On the main langchain post (In January) that got the traction on hackernews, i left this comment: https://news.ycombinator.com/item?id=34422917 . It still remains true, a "simpler langchain"
> To offer this code-style interface on top of LLMs, I made something similar to LangChain, but scoped what i made to only focus on the bare functional interface and the concept of a "prompt function", and leave the power of the "execution flow" up to the language interpreter itself (in this case python) so the user can make anything with it.
I made a really lightweight wrapper over requests and call it lambdaprompt https://github.com/approximatelabs/lambdaprompt It has served all of my personal use-cases since making it, including powering `sketch` (copilot for pandas) https://github.com/approximatelabs/sketch
Core things it does: Uses jinja templates, does sync and async, and most importantly treats LLM completion endpoints as "function calls", which you can compose and build structures around just with simple python. I also combined it with fastapi so you can just serve up any templates you want directly as rest endpoints. It also offers callback hooks so you can log & trace execution graphs.
All together its only ~600 lines of python.
I haven't had a chance to really push all the different examples out there, so I think it hasn't seen much adoption outside of those that give it a try.

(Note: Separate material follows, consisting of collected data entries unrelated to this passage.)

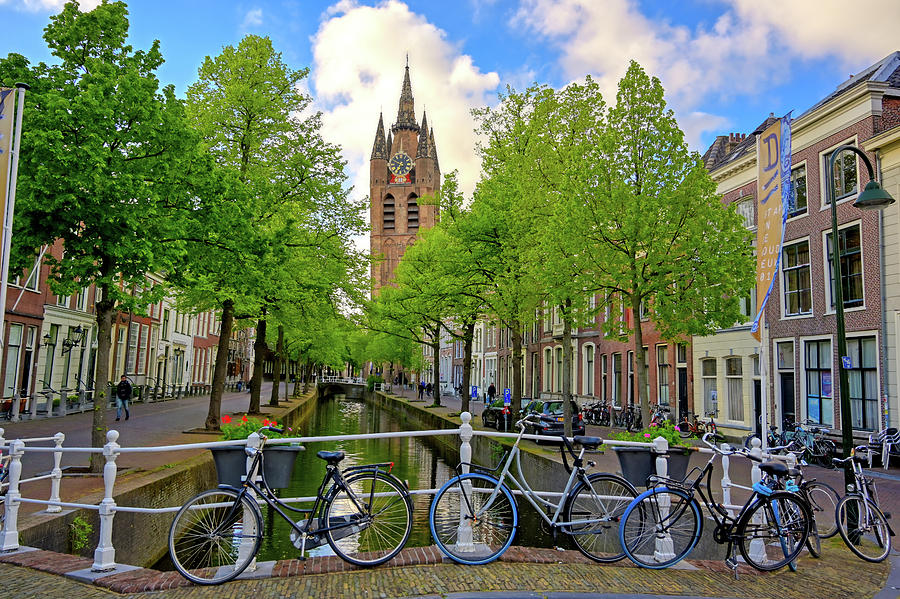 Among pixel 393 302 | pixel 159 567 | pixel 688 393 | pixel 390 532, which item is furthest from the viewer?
pixel 393 302

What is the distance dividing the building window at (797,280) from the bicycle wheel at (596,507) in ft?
54.5

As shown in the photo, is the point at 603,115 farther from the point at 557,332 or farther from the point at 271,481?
the point at 557,332

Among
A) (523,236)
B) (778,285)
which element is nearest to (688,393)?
(778,285)

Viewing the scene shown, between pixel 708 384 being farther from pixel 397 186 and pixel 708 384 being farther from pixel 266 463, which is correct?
pixel 397 186

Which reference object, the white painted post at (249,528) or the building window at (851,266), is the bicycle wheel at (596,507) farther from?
the building window at (851,266)

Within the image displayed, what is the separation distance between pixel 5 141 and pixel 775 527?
10.3 meters

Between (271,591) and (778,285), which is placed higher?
(778,285)

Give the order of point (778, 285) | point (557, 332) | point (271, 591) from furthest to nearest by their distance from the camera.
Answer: point (557, 332), point (778, 285), point (271, 591)

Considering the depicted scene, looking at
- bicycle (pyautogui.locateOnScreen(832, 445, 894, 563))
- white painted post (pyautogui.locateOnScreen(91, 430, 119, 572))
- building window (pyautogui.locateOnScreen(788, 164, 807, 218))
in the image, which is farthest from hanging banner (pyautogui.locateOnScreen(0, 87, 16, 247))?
building window (pyautogui.locateOnScreen(788, 164, 807, 218))

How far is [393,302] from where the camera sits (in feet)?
96.4

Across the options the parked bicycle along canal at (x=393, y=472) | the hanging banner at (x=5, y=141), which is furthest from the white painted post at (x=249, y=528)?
the hanging banner at (x=5, y=141)

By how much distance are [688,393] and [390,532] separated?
22461mm

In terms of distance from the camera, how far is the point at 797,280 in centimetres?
2016

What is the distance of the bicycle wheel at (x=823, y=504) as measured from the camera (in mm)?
6950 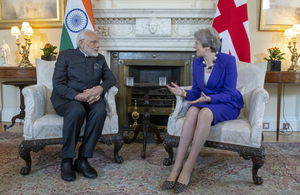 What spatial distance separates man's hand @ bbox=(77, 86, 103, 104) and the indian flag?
4.17 feet

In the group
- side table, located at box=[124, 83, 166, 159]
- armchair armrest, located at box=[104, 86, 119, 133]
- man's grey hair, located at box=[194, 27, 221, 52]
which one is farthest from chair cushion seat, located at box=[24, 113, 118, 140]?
man's grey hair, located at box=[194, 27, 221, 52]

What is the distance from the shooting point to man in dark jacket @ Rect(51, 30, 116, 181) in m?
1.70

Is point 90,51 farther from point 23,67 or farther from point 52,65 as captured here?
point 23,67

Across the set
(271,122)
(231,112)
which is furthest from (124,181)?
(271,122)

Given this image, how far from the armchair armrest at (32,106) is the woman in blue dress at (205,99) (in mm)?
1126

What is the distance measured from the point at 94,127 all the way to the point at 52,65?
924 millimetres

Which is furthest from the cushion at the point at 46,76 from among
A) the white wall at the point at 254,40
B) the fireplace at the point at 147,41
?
the white wall at the point at 254,40

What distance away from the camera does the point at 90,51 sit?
201cm

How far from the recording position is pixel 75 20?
286 cm

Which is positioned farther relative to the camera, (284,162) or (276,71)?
(276,71)

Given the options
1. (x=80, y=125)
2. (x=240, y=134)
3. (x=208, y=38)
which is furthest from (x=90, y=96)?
(x=240, y=134)

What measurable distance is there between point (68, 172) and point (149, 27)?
6.92 feet

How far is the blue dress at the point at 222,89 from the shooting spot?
1.74 metres

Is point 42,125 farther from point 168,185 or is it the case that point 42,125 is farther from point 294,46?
point 294,46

I hope to get back to it sometime in the next week to introduce local-mode (eg. all the open source smaller models are now available, I want to make those first-class)
The dust around language models needs to settle a bit, for a useful framework to emerge from it.
For our own use-cases, I built a framework from scratch, and it was the best decision we made.
My thinking precisely. So you just used the "raw" OpenAI (I presume?) API, and no other tech on top?
it makes no sense deploying any of these libraries to prod. as-is. best to understand a configuration / workflow / tuning / etc. that fits your data best and write it from scratch in golang/rust/whatever.
check out llama-index. its purpose-built for document indexing and retrieval and less agents and "everything else"
Do you mean if LlamaIndex starts collecting VC? I'm not sure, are they for-profit?...
https://blog.langchain.dev/announcing-our-10m-seed-round-led...
I'm fairly Jerry Liu (LlamaIndex founder) already has angels or will see enough traction to warrant a seed.